#### THE DATA:
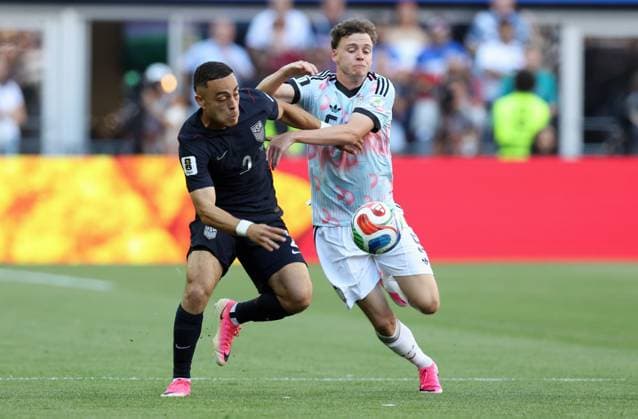 US Sergino Dest and Belgium s Maxim De Cuyper fight for the ball during a soccer game between the USA and Belgian national team, Nationalteam Red Devils, on Monday 06 July 2026, at the Seattle Field, in Seattle, a 1 8 finals game in the FIFA World Cup, WM, Weltmeisterschaft, Fussball 2026. BRUNOxFAHY  x180552876x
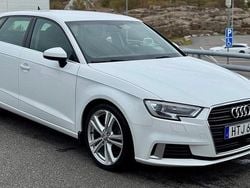 Vit Begagnad 2019 Audi A3 Sportback Sport Halvkombi | 210 000 kr (Marknadspris)
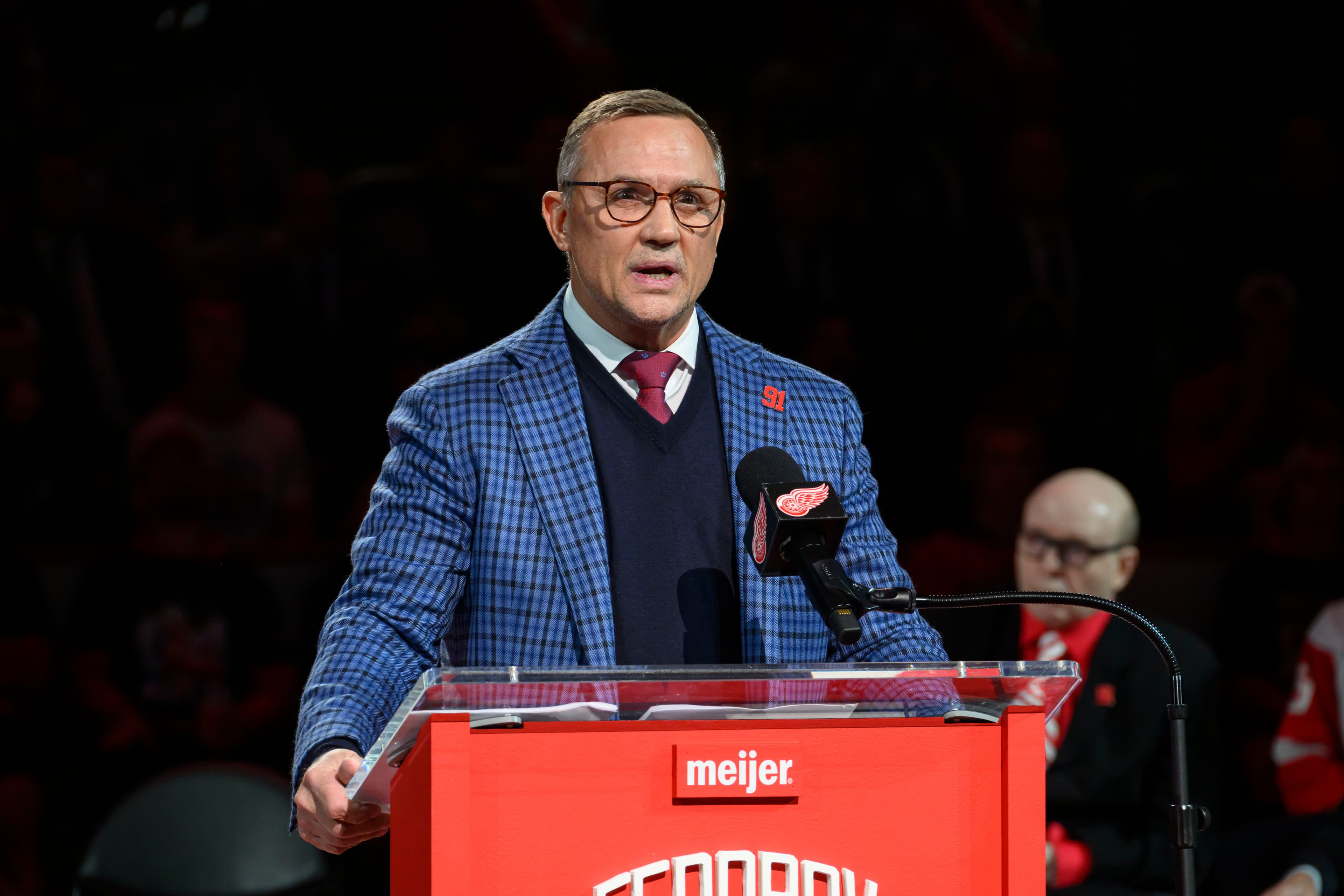 GM Steve Yzerman, coach Todd McLellan to address Red Wings' season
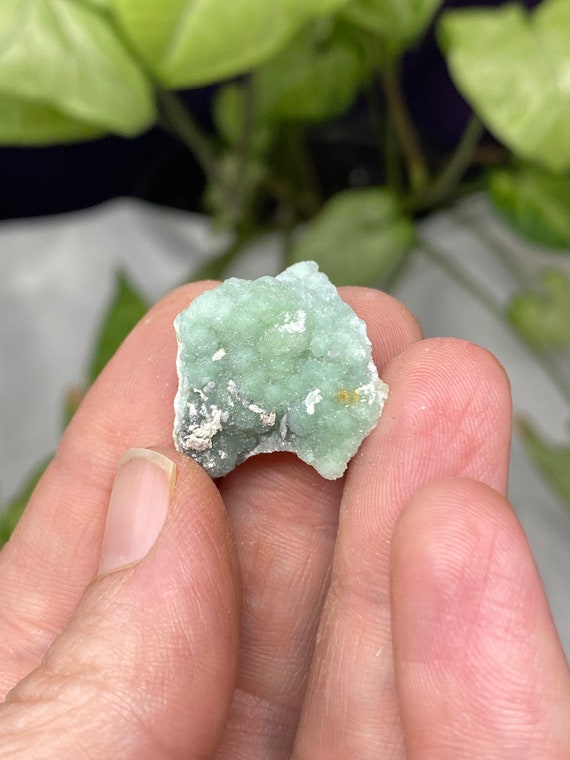 Vibrant Lustrous Arkansas Wavelite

#### EXERCISE:
Extract word for word every line from the line that contains "Vit Begagnad 2019" to the final line of the data, both included, and nothing else; skip the pictures.

#### THE COMPLETED TASK:
 Vit Begagnad 2019 Audi A3 Sportback Sport Halvkombi | 210 000 kr (Marknadspris)
 GM Steve Yzerman, coach Todd McLellan to address Red Wings' season
 Vibrant Lustrous Arkansas Wavelite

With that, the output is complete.